* Try it
Would you repeat exactly the part of the listing below that runs from the line containing "6681 4th St, Jupiter, FL" down to the line containing "a view of staircase", inclusive, and nothing else?

* Input data

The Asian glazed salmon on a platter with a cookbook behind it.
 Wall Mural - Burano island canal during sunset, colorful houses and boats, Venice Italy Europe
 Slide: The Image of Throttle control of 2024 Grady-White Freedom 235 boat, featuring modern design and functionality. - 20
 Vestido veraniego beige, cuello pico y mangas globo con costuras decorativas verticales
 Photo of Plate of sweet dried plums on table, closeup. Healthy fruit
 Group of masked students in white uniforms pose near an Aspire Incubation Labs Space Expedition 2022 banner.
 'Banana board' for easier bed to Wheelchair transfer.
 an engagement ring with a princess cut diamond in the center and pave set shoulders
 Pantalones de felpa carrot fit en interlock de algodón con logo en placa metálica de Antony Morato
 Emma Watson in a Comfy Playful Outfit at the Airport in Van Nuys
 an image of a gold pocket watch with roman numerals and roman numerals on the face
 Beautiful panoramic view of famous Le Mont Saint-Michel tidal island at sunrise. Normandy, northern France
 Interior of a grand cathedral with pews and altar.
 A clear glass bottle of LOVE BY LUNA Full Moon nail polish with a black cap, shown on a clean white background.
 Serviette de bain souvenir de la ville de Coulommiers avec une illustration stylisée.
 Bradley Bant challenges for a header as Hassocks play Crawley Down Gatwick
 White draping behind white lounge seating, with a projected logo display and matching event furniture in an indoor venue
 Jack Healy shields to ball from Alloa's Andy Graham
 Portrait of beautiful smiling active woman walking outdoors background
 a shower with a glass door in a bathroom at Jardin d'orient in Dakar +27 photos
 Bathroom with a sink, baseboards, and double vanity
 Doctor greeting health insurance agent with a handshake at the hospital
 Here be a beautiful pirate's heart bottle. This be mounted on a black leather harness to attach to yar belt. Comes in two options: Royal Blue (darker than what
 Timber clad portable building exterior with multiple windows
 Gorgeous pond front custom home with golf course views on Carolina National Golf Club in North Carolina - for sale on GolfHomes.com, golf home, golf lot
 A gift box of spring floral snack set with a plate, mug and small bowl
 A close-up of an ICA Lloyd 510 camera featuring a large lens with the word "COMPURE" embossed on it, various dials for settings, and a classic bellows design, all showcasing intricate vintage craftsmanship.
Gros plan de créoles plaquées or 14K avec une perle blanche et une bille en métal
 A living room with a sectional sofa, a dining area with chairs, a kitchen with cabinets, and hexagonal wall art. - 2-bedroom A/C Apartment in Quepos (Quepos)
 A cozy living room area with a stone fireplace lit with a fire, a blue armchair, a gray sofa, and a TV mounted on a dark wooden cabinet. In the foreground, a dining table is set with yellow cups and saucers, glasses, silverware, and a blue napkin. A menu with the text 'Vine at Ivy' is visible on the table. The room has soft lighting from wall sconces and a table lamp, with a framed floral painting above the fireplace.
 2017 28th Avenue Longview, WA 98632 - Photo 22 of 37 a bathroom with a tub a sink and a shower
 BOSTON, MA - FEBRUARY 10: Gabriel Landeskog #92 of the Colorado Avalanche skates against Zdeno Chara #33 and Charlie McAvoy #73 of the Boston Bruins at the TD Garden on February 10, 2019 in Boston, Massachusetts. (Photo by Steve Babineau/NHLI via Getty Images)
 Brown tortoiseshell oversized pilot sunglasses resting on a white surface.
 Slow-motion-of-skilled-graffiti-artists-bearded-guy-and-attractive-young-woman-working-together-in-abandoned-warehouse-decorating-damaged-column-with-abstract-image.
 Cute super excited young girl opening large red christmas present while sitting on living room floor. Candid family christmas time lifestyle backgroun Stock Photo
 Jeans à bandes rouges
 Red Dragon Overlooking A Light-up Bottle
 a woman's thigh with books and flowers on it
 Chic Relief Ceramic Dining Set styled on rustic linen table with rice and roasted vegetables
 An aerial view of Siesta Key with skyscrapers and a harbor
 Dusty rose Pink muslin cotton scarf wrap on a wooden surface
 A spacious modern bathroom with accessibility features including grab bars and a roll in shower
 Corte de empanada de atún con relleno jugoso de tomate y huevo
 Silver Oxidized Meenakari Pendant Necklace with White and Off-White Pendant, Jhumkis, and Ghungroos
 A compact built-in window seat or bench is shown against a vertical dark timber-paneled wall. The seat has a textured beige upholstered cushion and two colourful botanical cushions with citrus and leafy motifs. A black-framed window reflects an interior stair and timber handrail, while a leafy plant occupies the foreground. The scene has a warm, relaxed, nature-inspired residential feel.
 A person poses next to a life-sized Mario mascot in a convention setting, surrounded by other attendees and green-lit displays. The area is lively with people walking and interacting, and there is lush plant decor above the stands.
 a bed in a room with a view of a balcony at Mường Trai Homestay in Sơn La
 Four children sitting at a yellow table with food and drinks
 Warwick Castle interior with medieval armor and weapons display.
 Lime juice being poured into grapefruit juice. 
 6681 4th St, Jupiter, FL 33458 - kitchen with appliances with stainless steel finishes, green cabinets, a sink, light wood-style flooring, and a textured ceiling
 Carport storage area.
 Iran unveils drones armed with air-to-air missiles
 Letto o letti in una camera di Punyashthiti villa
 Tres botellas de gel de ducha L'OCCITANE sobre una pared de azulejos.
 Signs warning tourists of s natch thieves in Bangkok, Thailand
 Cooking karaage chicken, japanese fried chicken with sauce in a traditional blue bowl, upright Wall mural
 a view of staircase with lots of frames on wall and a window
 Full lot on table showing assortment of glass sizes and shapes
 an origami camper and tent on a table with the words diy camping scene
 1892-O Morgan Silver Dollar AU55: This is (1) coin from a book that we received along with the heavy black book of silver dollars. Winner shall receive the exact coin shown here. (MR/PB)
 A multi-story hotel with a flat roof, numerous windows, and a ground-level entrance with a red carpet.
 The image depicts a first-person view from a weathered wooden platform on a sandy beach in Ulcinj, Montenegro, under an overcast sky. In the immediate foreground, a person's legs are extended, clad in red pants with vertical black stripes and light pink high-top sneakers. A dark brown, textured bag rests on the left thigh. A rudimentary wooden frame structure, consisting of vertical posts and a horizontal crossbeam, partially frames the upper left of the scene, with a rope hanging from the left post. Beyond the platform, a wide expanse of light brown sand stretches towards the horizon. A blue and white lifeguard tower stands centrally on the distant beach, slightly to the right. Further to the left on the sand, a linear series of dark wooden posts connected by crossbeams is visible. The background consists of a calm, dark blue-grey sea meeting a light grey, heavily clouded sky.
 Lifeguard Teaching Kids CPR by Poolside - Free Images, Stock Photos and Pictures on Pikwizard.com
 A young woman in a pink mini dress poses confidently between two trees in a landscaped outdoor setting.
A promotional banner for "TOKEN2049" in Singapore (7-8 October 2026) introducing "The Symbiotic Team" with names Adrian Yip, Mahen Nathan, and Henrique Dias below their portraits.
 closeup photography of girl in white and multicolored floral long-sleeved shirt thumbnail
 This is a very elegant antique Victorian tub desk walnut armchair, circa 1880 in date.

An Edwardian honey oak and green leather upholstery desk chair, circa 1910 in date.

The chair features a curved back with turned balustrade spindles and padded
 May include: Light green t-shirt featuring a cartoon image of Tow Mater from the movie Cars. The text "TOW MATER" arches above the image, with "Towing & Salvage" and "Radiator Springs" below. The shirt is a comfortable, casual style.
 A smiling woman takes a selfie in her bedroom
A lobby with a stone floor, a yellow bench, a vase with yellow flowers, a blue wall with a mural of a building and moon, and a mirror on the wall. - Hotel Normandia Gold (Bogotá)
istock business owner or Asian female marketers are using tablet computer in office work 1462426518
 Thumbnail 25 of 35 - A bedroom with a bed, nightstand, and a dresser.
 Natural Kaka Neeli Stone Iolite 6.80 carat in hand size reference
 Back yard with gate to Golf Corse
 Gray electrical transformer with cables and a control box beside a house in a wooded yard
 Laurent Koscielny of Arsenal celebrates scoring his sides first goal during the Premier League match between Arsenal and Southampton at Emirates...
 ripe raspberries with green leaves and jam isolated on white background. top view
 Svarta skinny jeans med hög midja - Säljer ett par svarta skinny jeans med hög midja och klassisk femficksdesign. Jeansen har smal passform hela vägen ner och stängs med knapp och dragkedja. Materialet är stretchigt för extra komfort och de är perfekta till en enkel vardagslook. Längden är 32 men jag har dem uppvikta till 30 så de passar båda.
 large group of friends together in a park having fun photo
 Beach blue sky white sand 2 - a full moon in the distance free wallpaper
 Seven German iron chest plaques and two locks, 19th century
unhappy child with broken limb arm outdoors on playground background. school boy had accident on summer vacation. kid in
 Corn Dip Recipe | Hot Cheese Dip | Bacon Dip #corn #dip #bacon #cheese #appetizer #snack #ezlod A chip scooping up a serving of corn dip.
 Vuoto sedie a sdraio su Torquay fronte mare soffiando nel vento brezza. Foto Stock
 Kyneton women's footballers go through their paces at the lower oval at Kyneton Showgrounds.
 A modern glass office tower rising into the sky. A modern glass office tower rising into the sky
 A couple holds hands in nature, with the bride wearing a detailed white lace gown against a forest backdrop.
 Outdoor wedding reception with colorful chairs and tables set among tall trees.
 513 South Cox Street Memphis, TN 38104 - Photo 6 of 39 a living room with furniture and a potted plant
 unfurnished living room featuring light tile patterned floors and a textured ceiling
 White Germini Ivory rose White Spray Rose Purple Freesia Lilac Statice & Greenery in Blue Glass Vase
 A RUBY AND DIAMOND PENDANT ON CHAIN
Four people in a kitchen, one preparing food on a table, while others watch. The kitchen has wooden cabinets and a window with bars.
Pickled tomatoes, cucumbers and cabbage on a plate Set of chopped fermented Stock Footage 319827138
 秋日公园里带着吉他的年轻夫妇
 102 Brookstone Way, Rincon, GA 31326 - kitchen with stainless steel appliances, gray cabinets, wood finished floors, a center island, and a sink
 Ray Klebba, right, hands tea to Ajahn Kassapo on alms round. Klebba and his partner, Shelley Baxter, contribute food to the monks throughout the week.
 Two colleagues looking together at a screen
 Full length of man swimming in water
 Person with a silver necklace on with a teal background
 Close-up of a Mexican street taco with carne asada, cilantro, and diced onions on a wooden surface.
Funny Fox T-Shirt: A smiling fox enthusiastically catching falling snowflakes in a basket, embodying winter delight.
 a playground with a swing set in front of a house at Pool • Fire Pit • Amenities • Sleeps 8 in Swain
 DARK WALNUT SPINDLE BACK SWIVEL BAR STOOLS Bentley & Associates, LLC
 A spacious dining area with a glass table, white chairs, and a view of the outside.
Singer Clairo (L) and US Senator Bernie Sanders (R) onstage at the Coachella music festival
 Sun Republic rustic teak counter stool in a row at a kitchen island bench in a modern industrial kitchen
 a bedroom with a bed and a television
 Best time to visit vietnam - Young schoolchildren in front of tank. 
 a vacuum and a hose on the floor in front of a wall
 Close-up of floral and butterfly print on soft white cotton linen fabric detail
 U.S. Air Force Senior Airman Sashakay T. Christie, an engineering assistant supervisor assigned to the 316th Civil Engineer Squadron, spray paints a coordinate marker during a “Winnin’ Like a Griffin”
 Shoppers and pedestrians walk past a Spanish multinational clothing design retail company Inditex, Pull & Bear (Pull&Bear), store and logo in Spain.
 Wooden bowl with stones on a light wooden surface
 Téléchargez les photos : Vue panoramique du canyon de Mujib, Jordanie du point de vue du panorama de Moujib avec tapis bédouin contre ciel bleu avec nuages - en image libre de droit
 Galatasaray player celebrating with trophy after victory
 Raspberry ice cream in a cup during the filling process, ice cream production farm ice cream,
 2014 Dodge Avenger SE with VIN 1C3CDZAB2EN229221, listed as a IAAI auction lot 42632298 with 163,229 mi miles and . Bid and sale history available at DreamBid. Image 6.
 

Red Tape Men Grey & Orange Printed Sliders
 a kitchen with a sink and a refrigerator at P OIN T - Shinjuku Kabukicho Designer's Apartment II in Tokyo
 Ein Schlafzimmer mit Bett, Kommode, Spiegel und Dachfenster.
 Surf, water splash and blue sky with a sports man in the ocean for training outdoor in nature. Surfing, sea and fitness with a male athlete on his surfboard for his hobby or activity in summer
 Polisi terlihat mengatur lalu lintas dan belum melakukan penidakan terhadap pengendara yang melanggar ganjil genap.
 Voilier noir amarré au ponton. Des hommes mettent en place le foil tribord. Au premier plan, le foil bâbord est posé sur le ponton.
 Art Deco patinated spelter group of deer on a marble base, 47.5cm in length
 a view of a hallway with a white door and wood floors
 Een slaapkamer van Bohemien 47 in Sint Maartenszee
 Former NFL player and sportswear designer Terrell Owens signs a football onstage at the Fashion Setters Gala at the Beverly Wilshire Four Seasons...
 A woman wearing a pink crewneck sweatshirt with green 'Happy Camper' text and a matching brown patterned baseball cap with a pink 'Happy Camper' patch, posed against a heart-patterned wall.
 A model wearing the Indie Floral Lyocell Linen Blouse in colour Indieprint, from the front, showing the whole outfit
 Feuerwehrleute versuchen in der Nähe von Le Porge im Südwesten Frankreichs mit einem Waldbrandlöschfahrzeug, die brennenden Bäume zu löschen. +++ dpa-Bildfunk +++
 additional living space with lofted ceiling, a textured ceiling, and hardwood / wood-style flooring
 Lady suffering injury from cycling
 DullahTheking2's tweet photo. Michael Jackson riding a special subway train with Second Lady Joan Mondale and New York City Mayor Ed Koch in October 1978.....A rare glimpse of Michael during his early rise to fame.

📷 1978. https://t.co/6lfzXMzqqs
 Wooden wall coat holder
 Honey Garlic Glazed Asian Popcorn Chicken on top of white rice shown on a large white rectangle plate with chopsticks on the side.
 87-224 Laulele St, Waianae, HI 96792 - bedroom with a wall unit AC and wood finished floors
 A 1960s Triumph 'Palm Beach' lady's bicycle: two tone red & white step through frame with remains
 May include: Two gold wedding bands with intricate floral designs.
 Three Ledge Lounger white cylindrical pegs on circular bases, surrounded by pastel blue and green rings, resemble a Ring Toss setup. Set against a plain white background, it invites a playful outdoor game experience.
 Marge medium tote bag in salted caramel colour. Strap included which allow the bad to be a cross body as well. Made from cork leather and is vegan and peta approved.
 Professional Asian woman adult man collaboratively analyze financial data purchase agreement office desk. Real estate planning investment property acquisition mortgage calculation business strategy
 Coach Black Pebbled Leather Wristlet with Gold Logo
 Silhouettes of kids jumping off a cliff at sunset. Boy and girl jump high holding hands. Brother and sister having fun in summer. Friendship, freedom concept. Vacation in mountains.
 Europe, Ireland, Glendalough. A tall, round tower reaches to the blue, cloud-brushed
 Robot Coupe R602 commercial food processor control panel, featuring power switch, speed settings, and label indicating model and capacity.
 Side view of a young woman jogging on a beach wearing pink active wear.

* Response to the exercise
 6681 4th St, Jupiter, FL 33458 - kitchen with appliances with stainless steel finishes, green cabinets, a sink, light wood-style flooring, and a textured ceiling
 Carport storage area.
 Iran unveils drones armed with air-to-air missiles
 Letto o letti in una camera di Punyashthiti villa
 Tres botellas de gel de ducha L'OCCITANE sobre una pared de azulejos.
 Signs warning tourists of s natch thieves in Bangkok, Thailand
 Cooking karaage chicken, japanese fried chicken with sauce in a traditional blue bowl, upright Wall mural
 a view of staircase with lots of frames on wall and a window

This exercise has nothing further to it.